Here’s the thing: Though probiotic supplements show a lot of promise, “we’re really pretty early in the research,” Jampolis says, and there are a lot of factors that influence whether or not a specific probiotic supplement will be beneficial for you. “I think it’s really important to be smart about them,” she says.

Specifically, pay attention to which strain, or strains, a probiotic contains to make sure it’s appropriate for the issue you’re trying to solve. For example, the right strain or strains of probiotics for someone dealing with immune health issues is different from the one that’s most effective for a woman facing recurrent urinary tract infections.

It can be confusing for the average shopper to know which strains are a good match for which health conditions, which is why Jampolis suggests talking to a medical specialist to get personalized recommendations. For example, “if you’re looking for something for a specific gut condition, talk to your gastroenterologist,” she says. Wanting help with a vaginal concern? Consult an OB-GYN. “Since it’s their field, they are more likely following the research and can advise you on which products actually have the right strains and in the right doses,” Jampolis explains. (Also important: It’s wise to first chat with your healthcare provider before starting a probiotic, just to ensure it doesn’t interfere with any medications or supplements you’re already taking, Ehsani says.)

Beyond that, look for supplements that have been produced under GMP, or Good Manufacturing Practice (a system that ensures products are made consistently and adhere to quality standards), Jampolis says, and that are third-party tested for transparency, adds Gilberg-Lenz.

To that end, take note of any certifications on the label. Those from independent organizations, like the United States Pharmacopeia (USP), NSF International, or, are a good sign, as they can reassure you of a product’s quality and adherence to rigorous standards, Johnson says. Pay attention to what else is on the label, too. “A trustworthy brand will provide clear and transparent labeling, including the list of ingredients, potency, expiration date, and any other relevant information,” Johnson adds. She suggests steering clear of products with vague or misleading labels and instead recommends brands that prioritize research, create evidence-based formulations, and give detailed, science-backed information on their products. “Reputable brands often publish their research findings in peer-reviewed journals or make them accessible on their website,” Johnson says.

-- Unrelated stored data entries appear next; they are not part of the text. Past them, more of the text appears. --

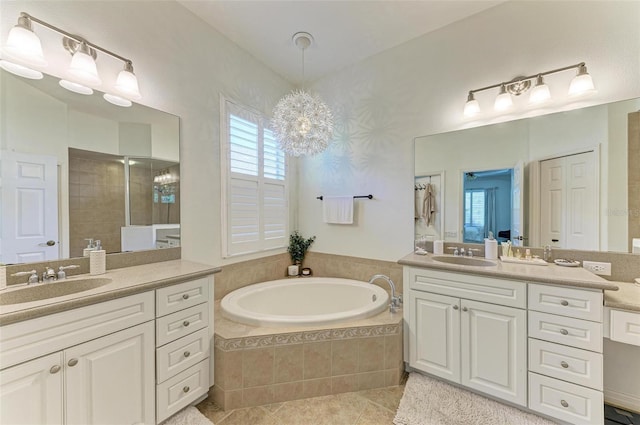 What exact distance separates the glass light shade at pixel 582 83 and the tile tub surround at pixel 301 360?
212 cm

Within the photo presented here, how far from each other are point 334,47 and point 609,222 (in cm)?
272

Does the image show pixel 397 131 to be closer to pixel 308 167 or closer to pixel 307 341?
pixel 308 167

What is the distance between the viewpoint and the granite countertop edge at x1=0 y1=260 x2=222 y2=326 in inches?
39.2

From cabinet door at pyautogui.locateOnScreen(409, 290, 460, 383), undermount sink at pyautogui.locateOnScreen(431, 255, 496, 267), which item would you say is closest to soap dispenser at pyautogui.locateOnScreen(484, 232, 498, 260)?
undermount sink at pyautogui.locateOnScreen(431, 255, 496, 267)

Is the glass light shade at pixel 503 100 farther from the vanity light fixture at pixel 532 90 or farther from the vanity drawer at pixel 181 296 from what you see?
the vanity drawer at pixel 181 296

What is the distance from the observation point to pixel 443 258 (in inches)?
87.3

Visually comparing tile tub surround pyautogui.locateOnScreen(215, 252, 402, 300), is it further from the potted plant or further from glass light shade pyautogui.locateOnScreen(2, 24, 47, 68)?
glass light shade pyautogui.locateOnScreen(2, 24, 47, 68)

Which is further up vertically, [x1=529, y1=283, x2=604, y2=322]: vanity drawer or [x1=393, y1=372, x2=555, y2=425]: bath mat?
[x1=529, y1=283, x2=604, y2=322]: vanity drawer

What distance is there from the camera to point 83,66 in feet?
4.95

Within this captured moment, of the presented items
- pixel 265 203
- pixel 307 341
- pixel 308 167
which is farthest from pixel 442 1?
pixel 307 341

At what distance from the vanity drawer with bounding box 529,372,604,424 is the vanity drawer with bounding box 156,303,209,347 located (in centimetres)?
215

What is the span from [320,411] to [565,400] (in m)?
1.48

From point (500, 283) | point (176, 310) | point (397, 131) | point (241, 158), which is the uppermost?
point (397, 131)

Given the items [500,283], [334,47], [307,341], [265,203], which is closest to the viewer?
[500,283]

Try to buy directly from a company where possible, Gilberg-Lenz says, instead of unauthorized third-party retailers. And pay attention to a product’s potency, or the number of live bacteria or colony-forming units (CFUs) per dose, Johnson explains. If you’re looking to generally maintain gut health and overall well-being, a supplement with 1-10 billion CFUs per dose “may be sufficient for most individuals,” she says. Bonus points if the label specifies how many CFUs are active at the time of the product’s expiration, says Jampolis, since that confirms how much bacteria will be alive the whole time you’re taking the product.

To that end, many probiotic supplements still need refrigeration (i.e. they are not shelf-stable), unless the company has a unique manufacturing process, Jampolis says. “So if they’re not, that’s probably a red flag,” she says.

Lastly, consider cost. While Jampolis doesn’t believe you need to spend a fortune on probiotic supplements, if you want quality products that have been rigorously researched and tested, you’ll likely need to accept a higher price point. “The companies who are investing in the research are probably the ones that are going to be charging a little bit more,” Jampolis says.